The lead researcher from the Thorchain team explained the project’s vision in achieving interoperability, particularly with Bitcoin. They told Crypto Briefing:
“The holy grail of cryptocurrency liquidity is the Bitcoin/USD pair. This pair commands a Pareto share of the market and services the plethora of derivatives available for Bitcoin. DeFi liquidity is not just about Ethereum, and it’s tokens – the real party will start when fully-collateralized, auditable, non-custodial exchange platforms appear, and they will be servicing the Bitcoin/USD pair first and foremost.”
Switcheo is a DEX offering swaps across a different combination of three blockchains including Ethereum, EOS, and NEO. In contrast to the others listed above, Switcheo relies on a more traditional trading apparatus, which Switcheo manages off-chain.
Like many centralized exchanges, it also offers users an exchange token giving access to trading fee discounts and other “membership”-style benefits.

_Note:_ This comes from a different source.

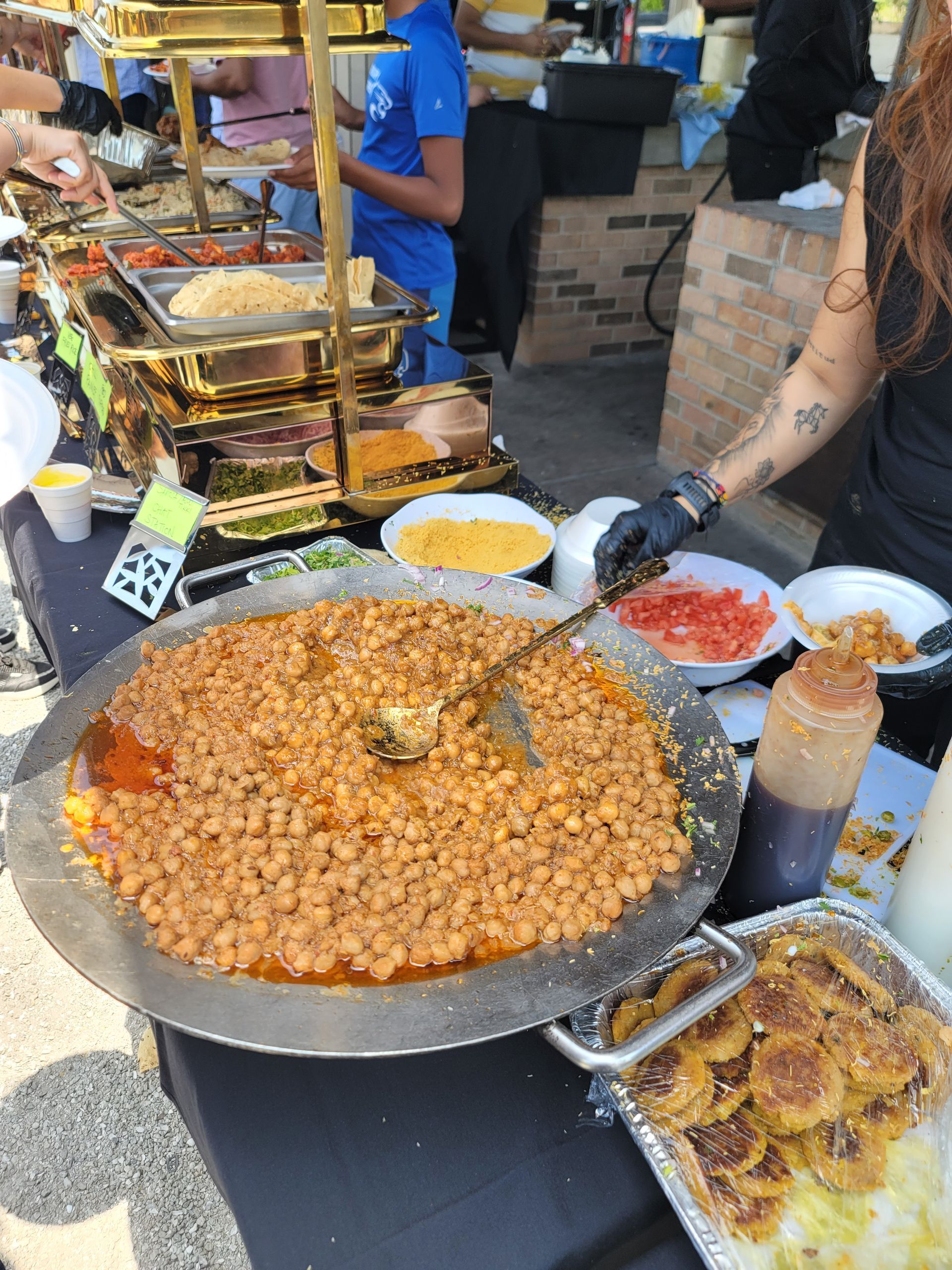 Food stall with large pan of chickpeas, toppings, and servers.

Kyber Network is familiar to those in the DeFi space as an Ethereum-based liquidity protocol. However, the team at Kyber has also implemented their swap protocol on other blockchains, including EOS and Tomochain.
However, the Kyber Waterloo proposal looks to be the project’s most promising foray into true interoperability. Currently, at the proof of concept stage, Kyber Waterloo aims to enable token swaps between the Ethereum and EOS networks.
Finally, Tomochain also offers some token exchange functionality between Tomochain and Binance via the Tomobridge. It enables users to swap their native TOMO tokens for BEP-2 TOMOB tokens, which are listed on the Binance DEX.
Loom has been making strides in interoperability. Last September, it announced it was bringing the Dai stablecoin onto other blockchains, starting with Tron.
This feature would enable users to spend Dai on Tron’s dApps, potentially opening up the network to more users. Users could already spend tokens from other blockchains, including Ethereum, Binance, and Tron.
Soon afterward, Loom published another blog post outlining its plans to make the Loom Network token a “multi-chain token,” meaning it would be fully portable across the other blockchains already operating with the Loom Network.
When the protocol launches, users will be able to spend their Loom tokens across a multitude of platforms.
Cosmos is perhaps the most well-known blockchain interoperability project in the space at the moment. It’s made up of three components. First, there’s the Tendermint BFT consensus engine powers Cosmos’ proof-of-stake co.
There’s an SDK providing a modular framework for building interoperable, application-specific blockchains. Finally, there’s an inter blockchain communication messaging protocol that enables Cosmos to interact with other blockchains.
Dubbed the “internet of blockchains,” Cosmos is a promising project due to its early popularity in the space as well as for its technical specs.
Co-founded by Gavin Wood three years ago, Polkadot allows tokens, data, and governance tools to be transferred across various blockchains, oracles, and permissioned networks alike. Already they have integrated Chainlink, the leading decentralized oracle solution in the space.
The primary mechanism for this connection will be through a technology called parachains. These are not dissimilar from the sharding component found in Ethereum. Like mini-blockchains, parachains extend beyond the Polkadot network and execute their state locally. This autonomy allows for faster transaction speeds with a more diverse collection of data sources.
The project has yet to launch its mainnet, but users who participated in their ICO can begin claiming their DOT tokens before the beta launch on Coinbase.
Ethereum and Beyond
Although the majority of DeFi activity is occurring on Ethereum, it would be foolish to assume innovation isn’t also happening elsewhere. Interoperability helps solve this by providing common ground on which all blockchains can communicate.
Opening this dialogue would be a bounty not just for crypto users, but also for Ethereum itself.